### Task to carry out
Write out the line that contains "Empty land _photo" and every line after it through the end of the entries, exactly as given and with no other lines.

### Task material
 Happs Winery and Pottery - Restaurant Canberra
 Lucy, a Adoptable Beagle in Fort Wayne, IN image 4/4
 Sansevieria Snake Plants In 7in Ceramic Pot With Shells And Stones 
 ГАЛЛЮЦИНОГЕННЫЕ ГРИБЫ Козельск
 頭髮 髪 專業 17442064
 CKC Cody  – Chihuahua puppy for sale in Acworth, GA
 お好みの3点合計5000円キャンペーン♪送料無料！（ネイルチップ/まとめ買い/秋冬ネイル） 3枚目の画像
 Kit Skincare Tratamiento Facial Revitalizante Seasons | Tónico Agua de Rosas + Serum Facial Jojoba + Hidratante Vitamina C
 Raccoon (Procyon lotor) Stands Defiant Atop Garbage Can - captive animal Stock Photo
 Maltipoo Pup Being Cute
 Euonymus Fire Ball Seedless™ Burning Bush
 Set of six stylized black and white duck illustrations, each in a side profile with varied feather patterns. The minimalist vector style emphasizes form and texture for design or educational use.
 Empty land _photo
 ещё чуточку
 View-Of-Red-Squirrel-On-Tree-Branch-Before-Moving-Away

### Your response
 Empty land _photo
 ещё чуточку
 View-Of-Red-Squirrel-On-Tree-Branch-Before-Moving-Away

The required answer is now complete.